____ Material for this task

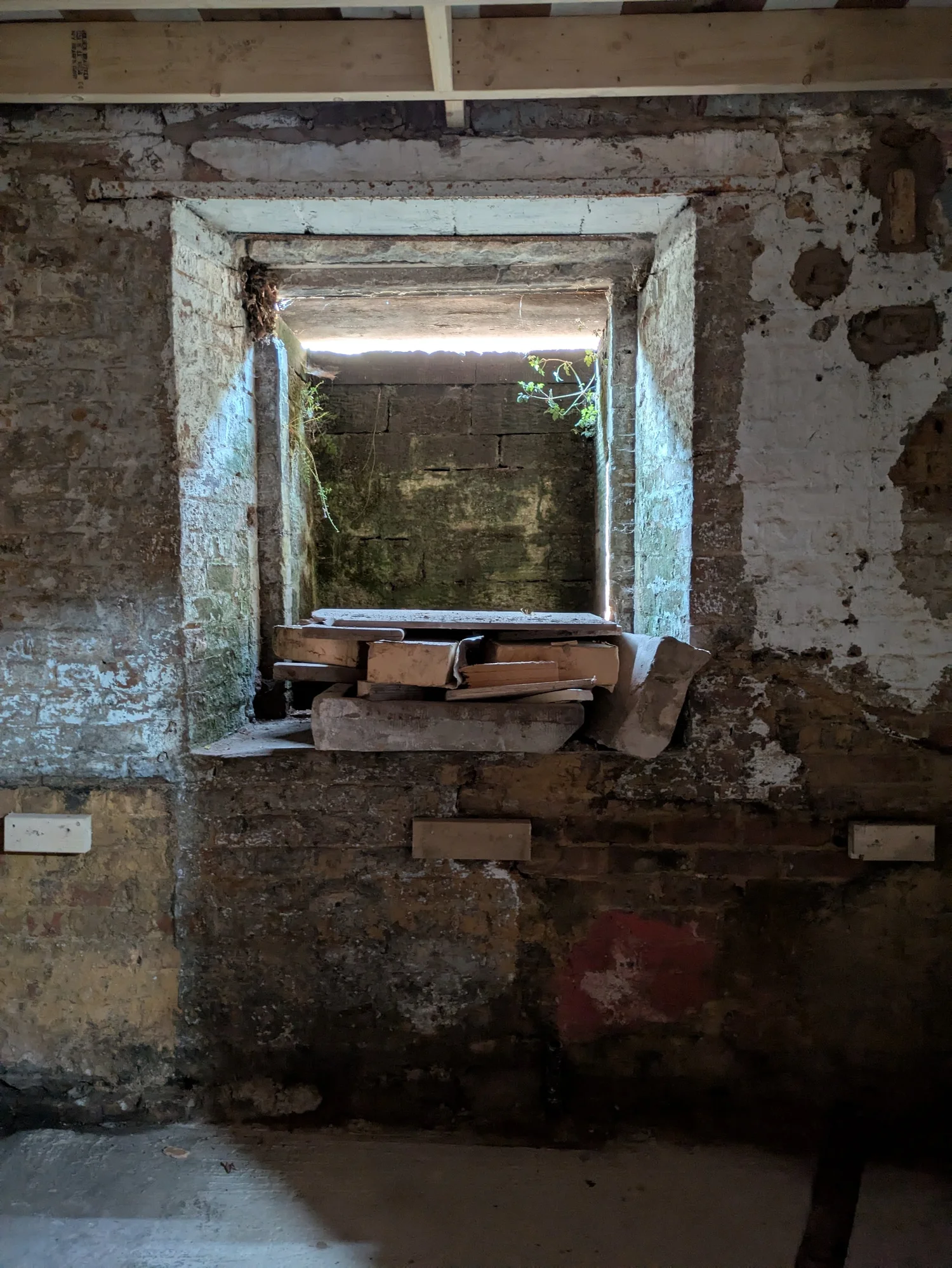 Central Lodge, Birkenhead Park — Passivhaus EnerPHit retrofit, photo 7
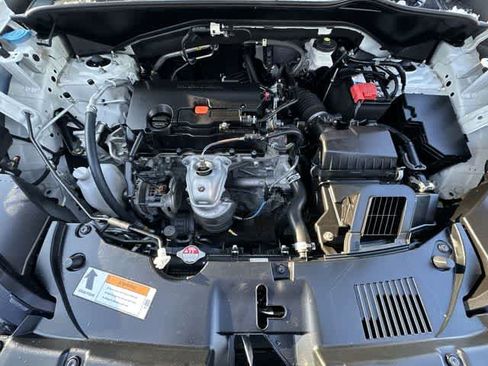 Used 2023 Honda HR-V LX image 24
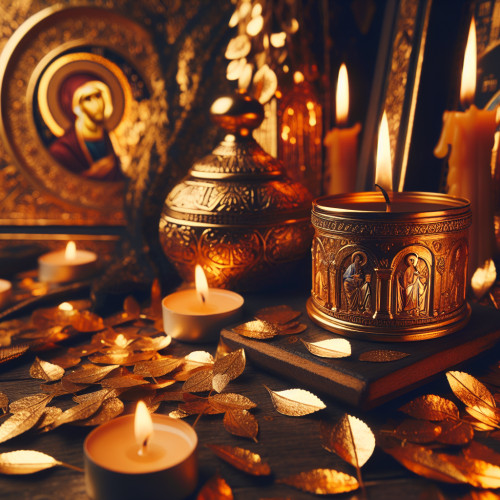 Sfântul Mucenic Vasile din Ancira, pomenit pe 22 Martie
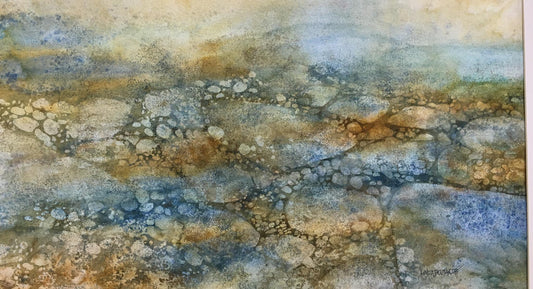 A River's Lullaby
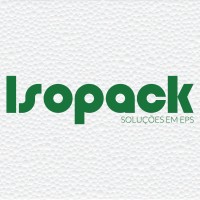 Isopack - Soluções em EPS logo, Isopack - Soluções em EPS contact details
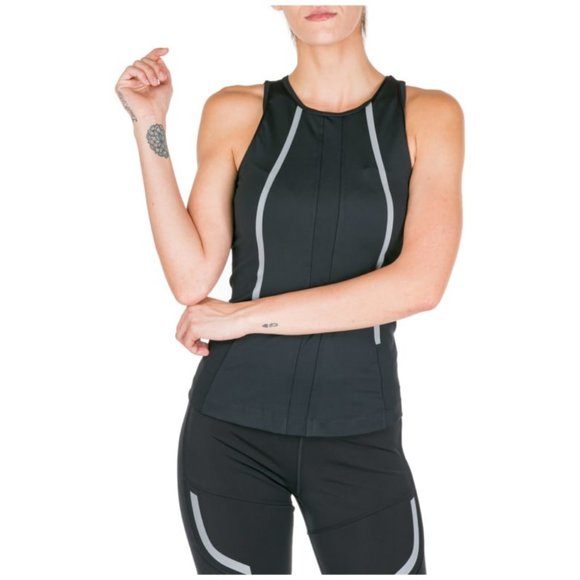 adidas parley tank top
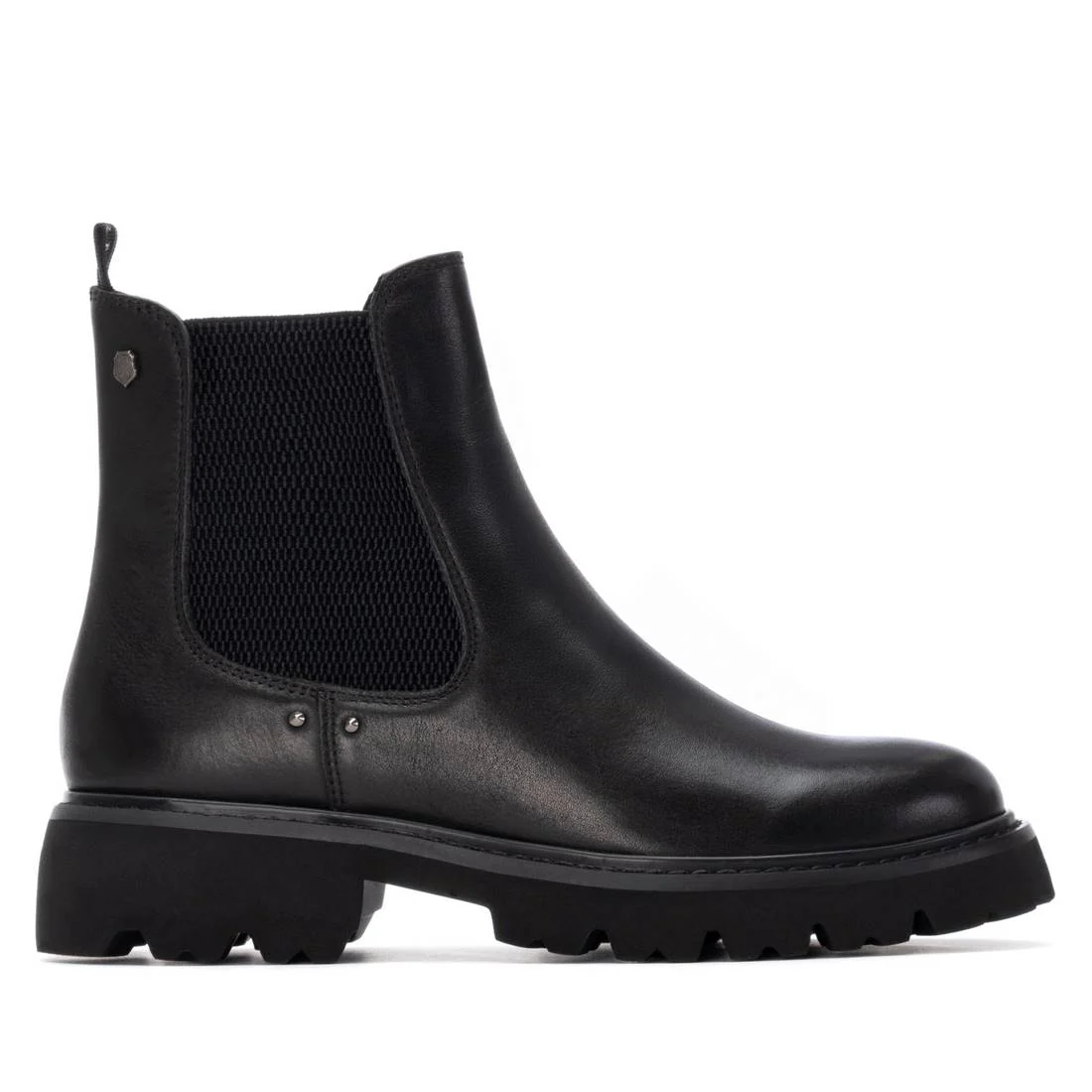 Botin de mujer plano Carmela 16254602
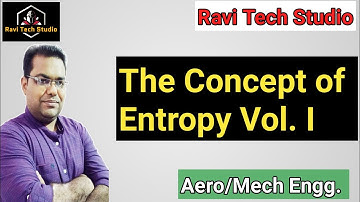 The Concept of Entropy // System Randomness // Irreversibility // GATE 2022 // Degradation of Energy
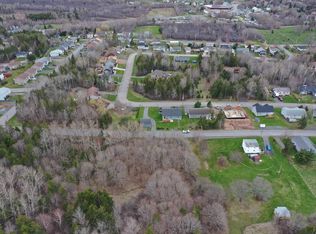 LOT Reservoir St, New Glasgow, NS B2H 4K4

________

### Your objective
Type the entries above out again exactly, with no pictures.

### Written solution
 Central Lodge, Birkenhead Park — Passivhaus EnerPHit retrofit, photo 7
 Used 2023 Honda HR-V LX image 24
 Sfântul Mucenic Vasile din Ancira, pomenit pe 22 Martie
 A River's Lullaby
 Isopack - Soluções em EPS logo, Isopack - Soluções em EPS contact details
 adidas parley tank top
 Botin de mujer plano Carmela 16254602
 The Concept of Entropy // System Randomness // Irreversibility // GATE 2022 // Degradation of Energy
 LOT Reservoir St, New Glasgow, NS B2H 4K4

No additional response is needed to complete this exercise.